Tuesday 14 July 2009

Not the toughest of choices

The most famous pronouncement of the celebrated modern architect Le Corbusier is that “a house is a machine for living in.” Although the man is actually celebrated only by other modern architects, I do sometimes wish that I could achieve a similar sense of detachment.

I admit that I am prone to falling in love at first sight. Nevertheless, one of the most memorable and intense instances of this phenomenon occurred shortly before Christmas 1987, when I first pulled up outside the then semi-derelict cottages which have been my home ever since. The first thing I took in were the views – of Simonside to the south and the Cheviots to the north – which I found breathtakingly lovely. I knew at once that I wanted to live there, and the property was very much a secondary consideration. Frankly I would have bought a corrugated iron shed in that location.

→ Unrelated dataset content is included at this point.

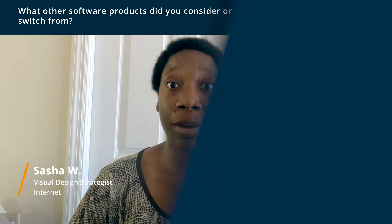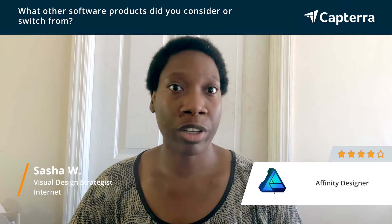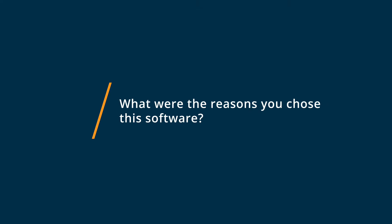Before using Affinity Designer, I was using Adobe software a lot and prior to switching over, Adobe really was the only tool I was using that was similar. I switched from Adobe over to Affinity Designer mainly because of price and also because Affinity Designer was very promising and had a lot of features that were similar to the competitor.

As it was, there were two listed stone cottages which I had knocked into a single house and subtly extended without, I hoped, detracting from their essential character. Because the prudent Victorians had filled the south-facing walls with windows and placed none at all looking north, I added a conservatory where I could sit and admire the green hills rolling towards Cheviot; still, to my mind, one of the very finest views in the country.

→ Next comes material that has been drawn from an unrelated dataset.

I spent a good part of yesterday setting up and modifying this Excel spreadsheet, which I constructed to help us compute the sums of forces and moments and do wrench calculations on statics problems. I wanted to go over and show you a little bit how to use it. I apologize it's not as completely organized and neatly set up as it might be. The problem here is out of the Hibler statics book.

Since early February an estate agent has been industriously trying to sell this treasure on my behalf, attracting about as much interest as the Facebook page proclaiming Gordon Brown to be the greatest Prime Minister of all time.

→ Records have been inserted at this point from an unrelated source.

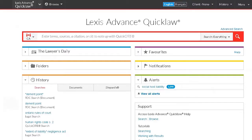Lexis Advance Quick Law gives you access to primary law, such as case law and legislation, as well as secondary materials, which is what we're going to look at today. The secondary materials we will look at today include Quick Law's Legal Encyclopedia, Halsbury's Laws of Canada, Canadian Legal Journals and Law Reviews, and two dictionaries: Barron's Law Dictionary and Canadian Legal Words and Phrases.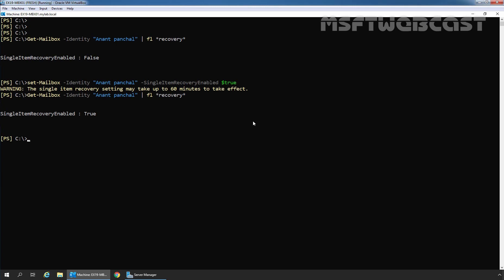In case you need to disable the single item recovery feature for any user mailbox, you can also use the same cmdlet. But instead of setting the value to true, you need to specify the value false. Let me disable the single item recovery feature for our user mailbox Anand Panchal. For that, we need to use the cmdlet Set-Mailbox -Identity Anand Panchal -SingleItemRecoveryEnabled and this time the value is going to be false.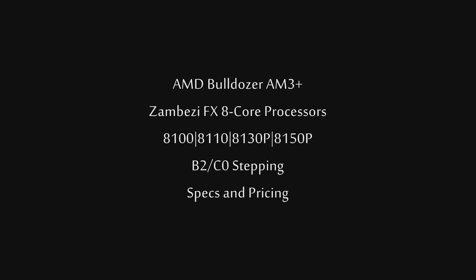Now, the highest-end model so far that they're going to be releasing right off the launch is going to be the FX8150P. That is going to be a C0 stepping, and that is going to feature a standard core speed of 4GHz with a turbo of 4.4GHz. So right there, it's a little bit lower than our initial guess of 4.2 and 4.7, but still respectable.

On the rare occasions I have shown potential purchasers around myself, I have been struck by their total indifference to what I consider the best features of the place, and their eagerness to rip out listed fixtures and fittings. This reached its apogee on Saturday when I was proudly showing my conservatory to a man whose wife had previously toured the place, and he said “Oh, this. We thought we’d knock it down and just build a porch.”

I felt like a father asked for his daughter’s hand in marriage by a notorious wife-beater.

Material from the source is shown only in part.